GitLab MCP Server
Integrates GitLab with AI assistants to manage merge requests, analyze CI/CD pipelines, and create Architecture Decision Records. It enables seamless code searching, pipeline triggering, and deployment management through the Model Context Protocol.
README
GitLab MCP Server
An MCP (Model Context Protocol) server for integrating GitLab with AI assistants like Cursor, ChatGPT, and any polymcp-compatible client. Manage merge requests, analyze CI/CD pipelines, create ADR documents, and more.
What it does
This project exposes GitLab APIs through the MCP protocol, allowing AI assistants to:
- List and manage merge requests
- Analyze failed pipeline jobs with fix suggestions
- Create ADR (Architecture Decision Records) documents in markdown
- View CI/CD job logs
- Trigger pipelines and retry failed jobs
- Deploy to AWS, Azure, and GCP
Requirements
- Python 3.8 or higher
- PolyMCP (for AI agent integration)
- FastAPI and uvicorn (for HTTP server)
Installation
git clone https://github.com/poly-mcp/Gitlab-MCP-Server.git
cd Gitlab-MCP-Server
pip install -r requirements.txt
Contents of requirements.txt:
fastapi>=0.104.0
uvicorn>=0.24.0
aiohttp>=3.9.0
pyyaml>=6.0
docstring-parser>=0.15
python-dotenv>=1.0.0
pydantic>=2.0.0
pip install polymcp==1.2.4
Configuration
Create a .env file in the project root:
# For use with real GitLab
GITLAB_BASE_URL=https://gitlab.com/api/v4
GITLAB_TOKEN=glpat-xxxxxxxxxxxx
GITLAB_PROJECT_ID=12345678
# Optional - security settings
SAFE_MODE=true
DRY_RUN=false
Usage with PolyMCP
This server is fully compatible with the polymcp library. Here is how to use it:
1. Start the server
# Production mode (requires token)
python gitlab_mcp_server.py --http --port 8000
2. Connect with polymcp
Create a file gitlab_chat.py:
#!/usr/bin/env python3
"""GitLab MCP Chat with PolyMCP"""
import asyncio
from polymcp.polyagent import UnifiedPolyAgent, OllamaProvider
async def main():
# Configure the LLM provider (you can use OpenAI, Anthropic, Ollama, etc.)
llm = OllamaProvider(model="gpt-oss:120b-cloud", temperature=0.1)

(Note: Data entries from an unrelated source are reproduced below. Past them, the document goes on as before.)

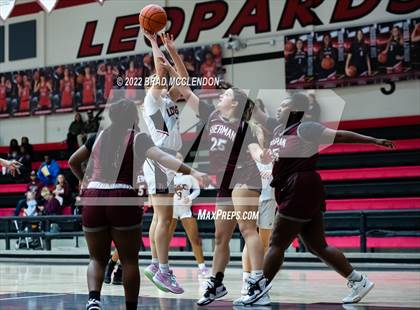 Thumbnail 1 in Sherman vs Lovejoy photogallery.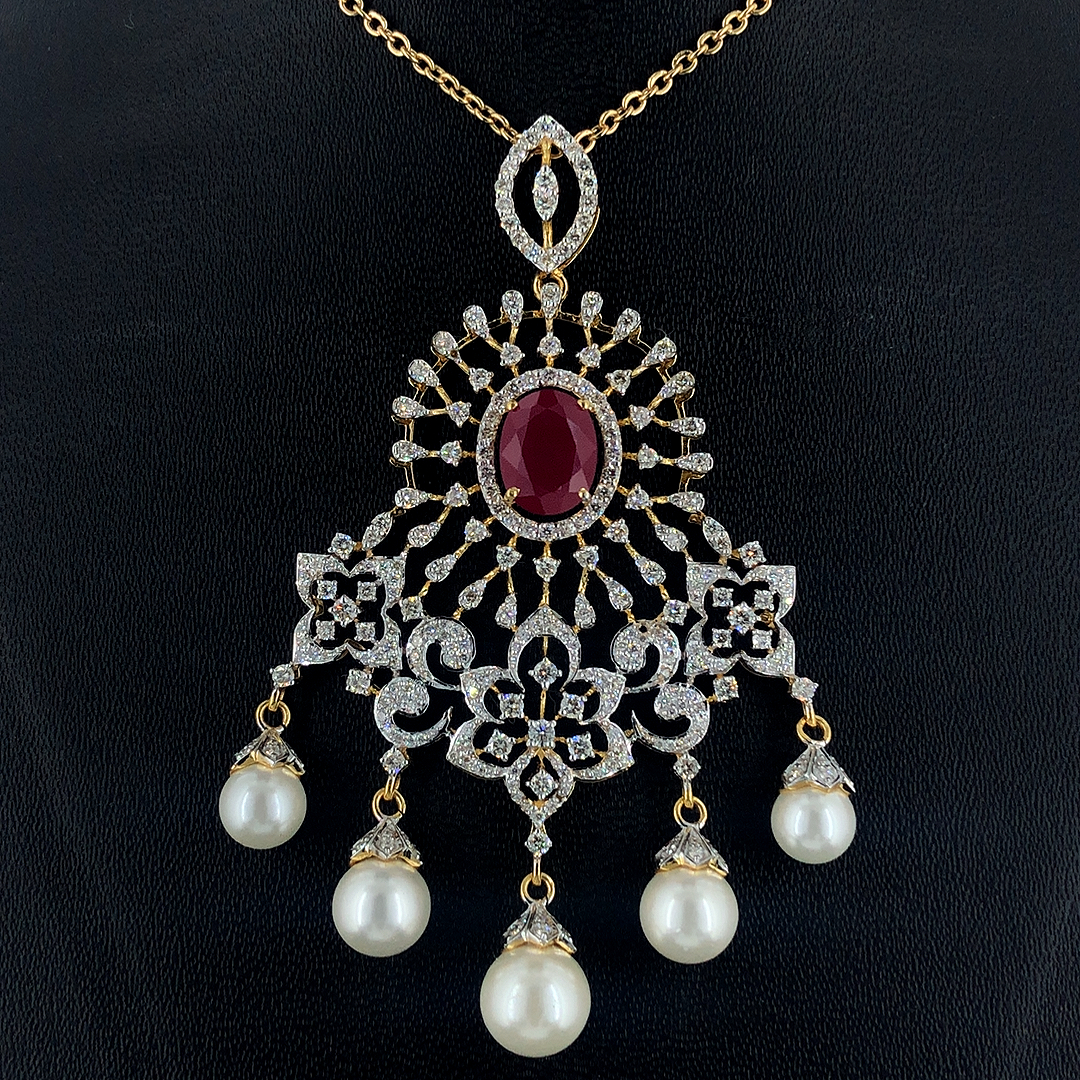 Elegant ruby and pearl pendant necklace in Gold and CVD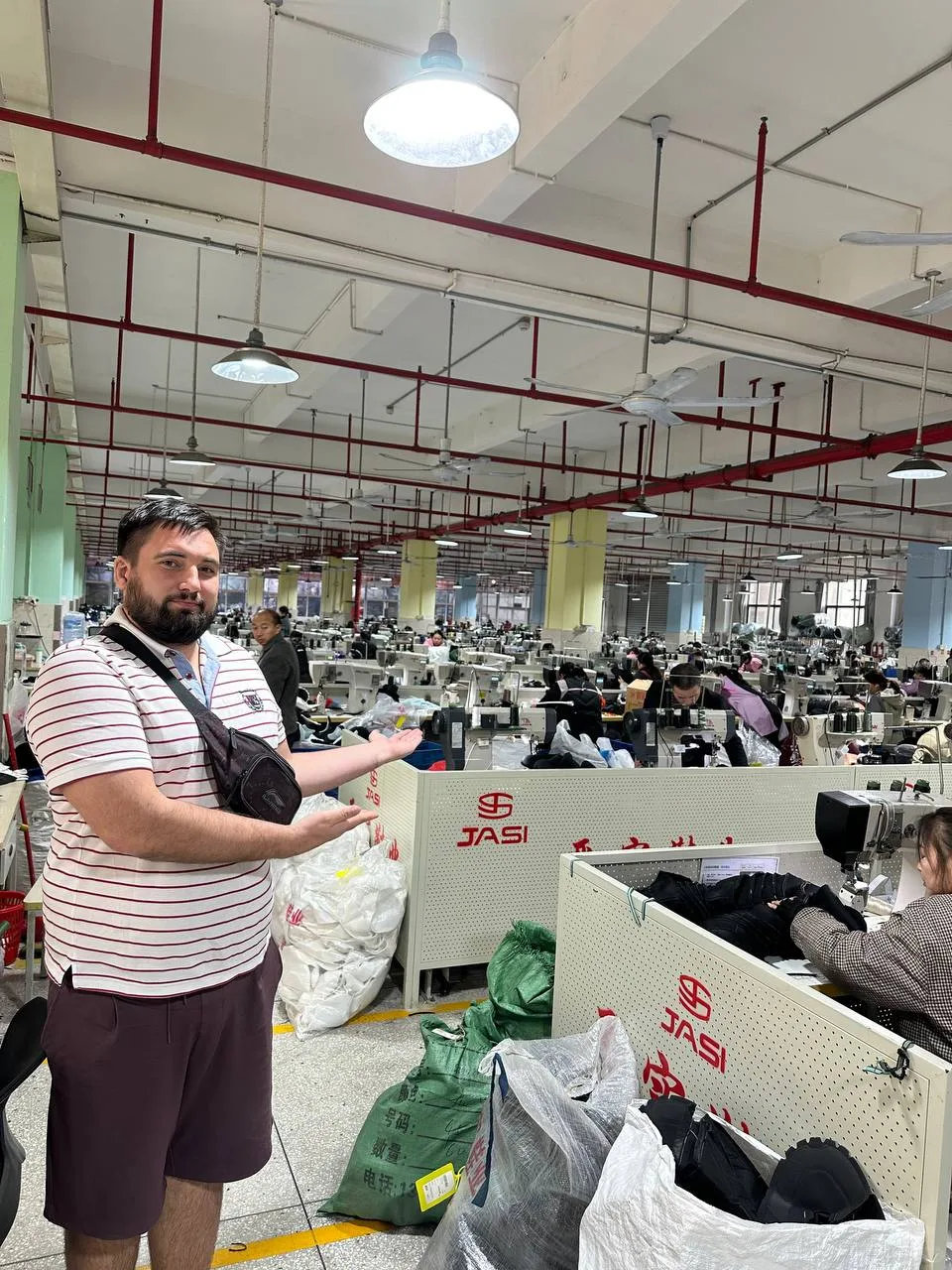 大工厂 | Big factory | Большая фабрика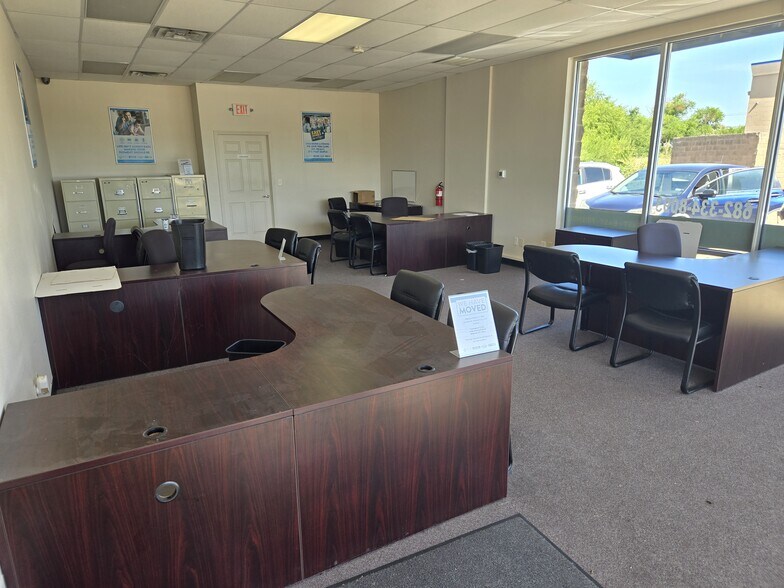 More Photos Of 6201 Denton Hwy, Haltom City Unknown For Lease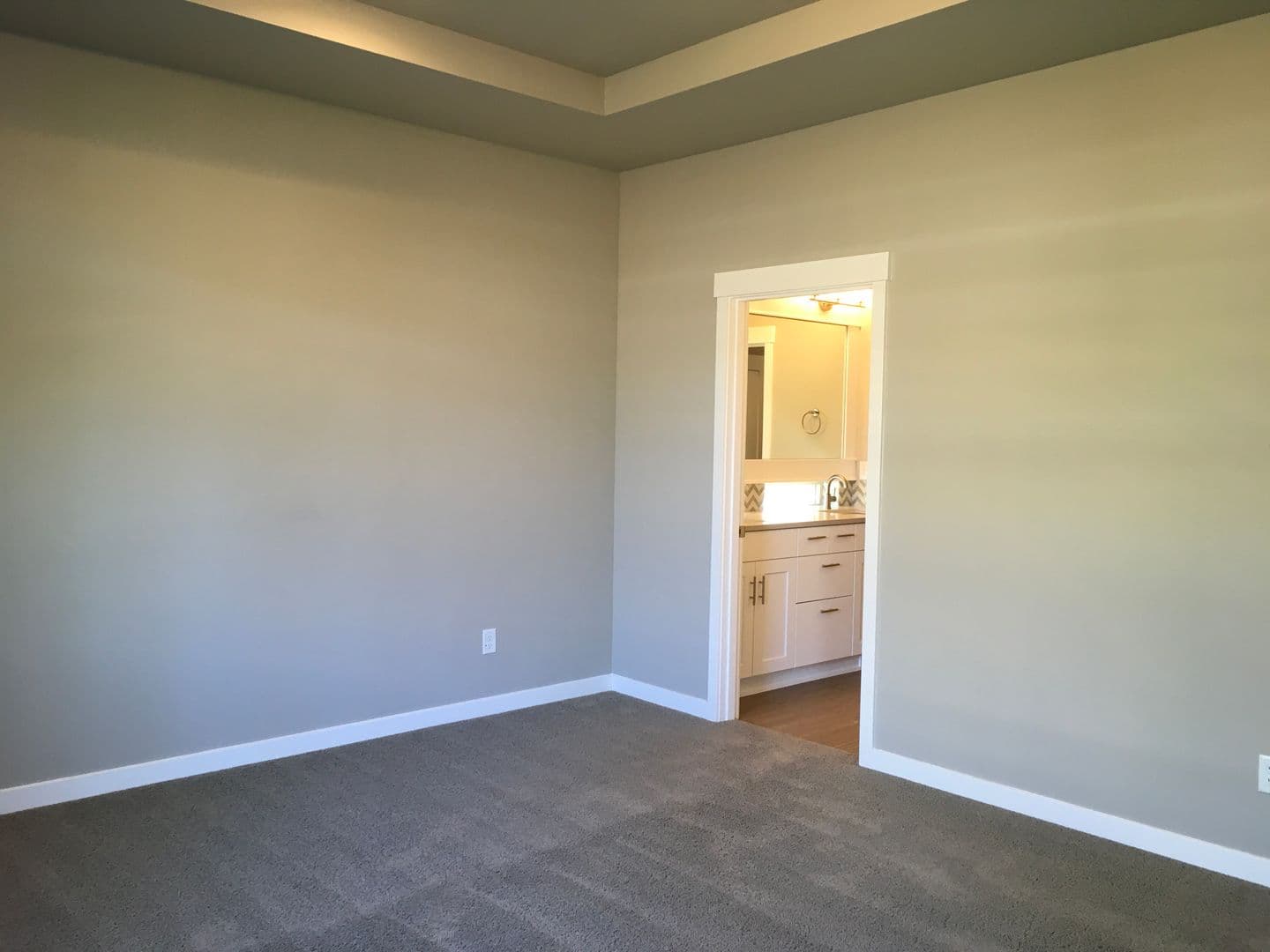 Redmond House: 3649 SW Badger Court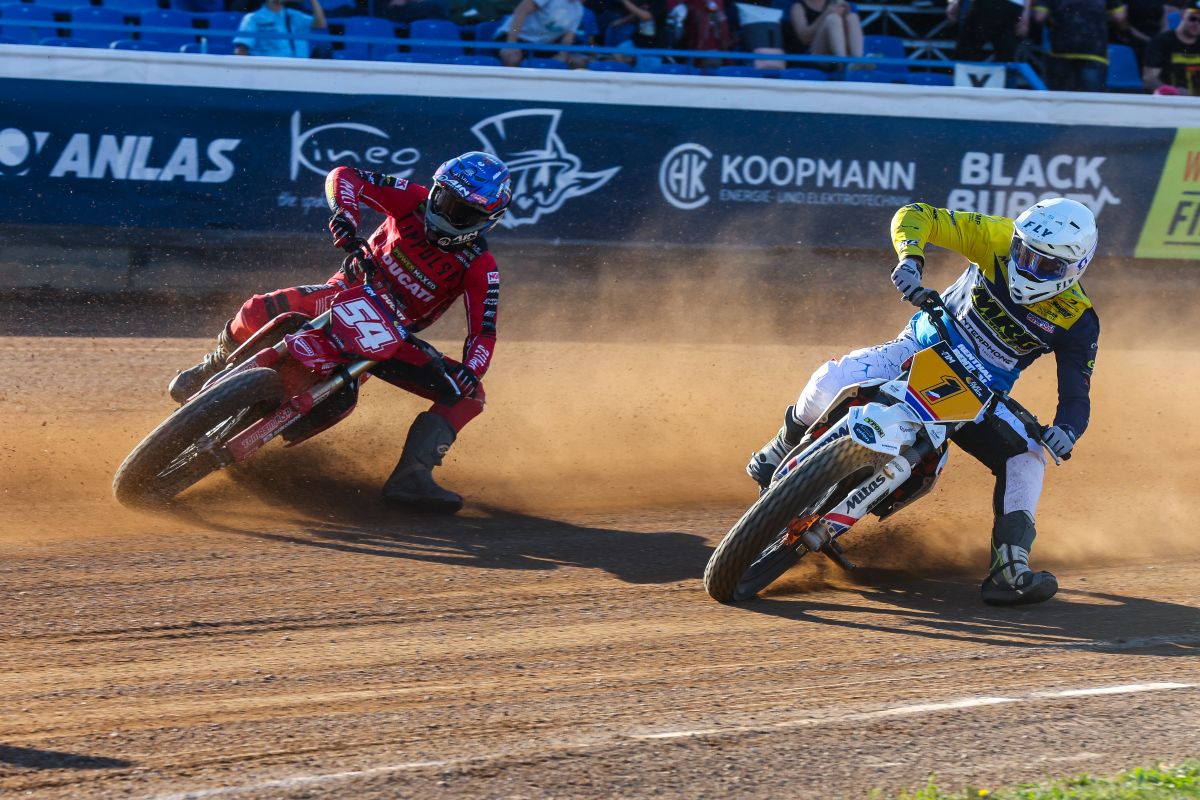 Tim Neave and Ervin Krajčovič at 2026 FIM Flat Track World Championship of Czech Republic - Pardubice © Jesper Veldhuizen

# Point to the GitLab MCP server
mcp_servers = ["http://localhost:8000/mcp"]
agent = UnifiedPolyAgent(
llm_provider=llm,
mcp_servers=mcp_servers,
verbose=True
)
async with agent:
print("\nGitLab MCP Server connected!\n")
print("Available commands:")
print("- 'show me open merge requests'")
print("- 'analyze failed jobs'")
print("- 'create an ADR for cloud migration'")
print("- 'exit' to quit\n")
while True:
user_input = input("\nYou: ")
if user_input.lower() in ['exit', 'quit']:
print("Session ended.")
break
result = await agent.run_async(user_input, max_steps=5)
print(f"\nGitLab Assistant: {result}")
if __name__ == "__main__":
asyncio.run(main())
3. Run it
python gitlab_chat.py
Example session:
GitLab MCP Server connected!
You: show me open merge requests in project mygroup/myproject
GitLab Assistant: I found 3 open merge requests:
1. MR !42 - "Fix authentication bug"
Author: john_doe
Branch: bugfix/auth -> main
2. MR !43 - "Add caching layer"
Author: jane_smith
Branch: feature/cache -> main
3. MR !44 - "Update dependencies"
Author: bob_wilson
Branch: chore/deps -> main
You: analyze why the pipeline is failing
GitLab Assistant: I analyzed pipeline #12345. There are 2 failed jobs:
1. test:unit (stage: test)
Error: Snapshot test mismatch
Suggestion: Run 'npm test -- -u' to update snapshots
2. security:sonar (stage: security)
Error: Code coverage below threshold (67% < 80%)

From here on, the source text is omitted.